Intuitive Surgical, Inc.
(ISRG) is the more profitable company, earning 28. 4% net margin versus -37. 0% for Glaukos Corporation — meaning it keeps 28. 4% of every revenue dollar as bottom-line profit. Operating margin tells a similar story: ISRG leads at 29. 3% versus -23. 5% for NVCR. At the gross margin level — before operating expenses — GKOS leads at 77. 5%, reflecting greater pricing power or product mix advantage. Stronger margins indicate durable pricing power, lower cost of revenue, or higher mix of software/services. They are one of the clearest signs of business quality.
07Is AMS or ARAY or NVCR or GKOS or ISRG more undervalued right now?

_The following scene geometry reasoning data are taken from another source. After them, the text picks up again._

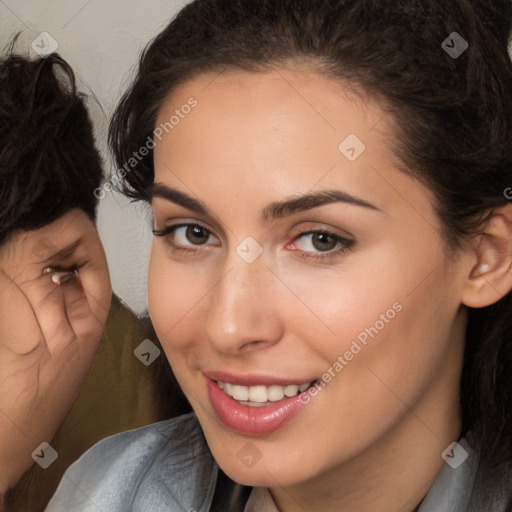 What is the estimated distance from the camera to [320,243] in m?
0.87

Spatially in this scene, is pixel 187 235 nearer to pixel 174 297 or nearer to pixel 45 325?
pixel 174 297

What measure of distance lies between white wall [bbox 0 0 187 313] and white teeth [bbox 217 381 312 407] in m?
0.39

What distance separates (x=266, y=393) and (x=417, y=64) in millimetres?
379

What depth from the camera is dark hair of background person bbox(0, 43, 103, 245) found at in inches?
44.9

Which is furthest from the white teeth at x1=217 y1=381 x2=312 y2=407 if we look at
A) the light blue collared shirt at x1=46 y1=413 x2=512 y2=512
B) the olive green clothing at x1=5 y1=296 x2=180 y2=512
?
the olive green clothing at x1=5 y1=296 x2=180 y2=512

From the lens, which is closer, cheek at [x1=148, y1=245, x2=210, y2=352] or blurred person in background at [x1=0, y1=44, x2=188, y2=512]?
cheek at [x1=148, y1=245, x2=210, y2=352]

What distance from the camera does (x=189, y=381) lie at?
3.20 feet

Analyst consensus price targets imply the most upside for NVCR: 99.
0% to $33. 50.
08Which pays a better dividend — AMS or ARAY or NVCR or GKOS or ISRG?
None of the stocks in this comparison currently pay a material dividend.
All are effectively zero-yield and should be held for capital appreciation rather than income.
09Is AMS or ARAY or NVCR or GKOS or ISRG better for a retirement portfolio?
For long-horizon retirement investors, American Shared Hospital Services (AMS) is the stronger choice — it scores higher on the combination of lower volatility, dividend reliability, and long-term compounding (low volatility (β -0.
02)). Accuray Incorporated (ARAY) carries a higher beta of 2. 42 — meaning larger drawdowns in market downturns, which matters significantly when you cannot wait years for a recovery. Both have compounded well over 10 years (AMS: -4. 7%, ARAY: -94. 5%), confirming both are viable long-term holds — but the lower-volatility option typically results in less emotional selling during corrections. Retirement portfolios generally favour predictability over maximum returns. Consult a financial advisor before making allocation decisions.
10What are the main differences between AMS and ARAY and NVCR and GKOS and ISRG?
Both stocks operate in the Healthcare sector, making this a peer-level intra-sector comparison — the same macro tailwinds and headwinds will affect both.
In terms of investment character: AMS is a small-cap high-growth stock; ARAY is a small-cap quality compounder stock; NVCR is a small-cap quality compounder stock; GKOS is a small-cap high-growth stock; ISRG is a mid-cap high-growth stock. These fundamental differences mean investors should not choose between them on a single metric — the "better stock" depends entirely on which of these characteristics aligns with your investment strategy.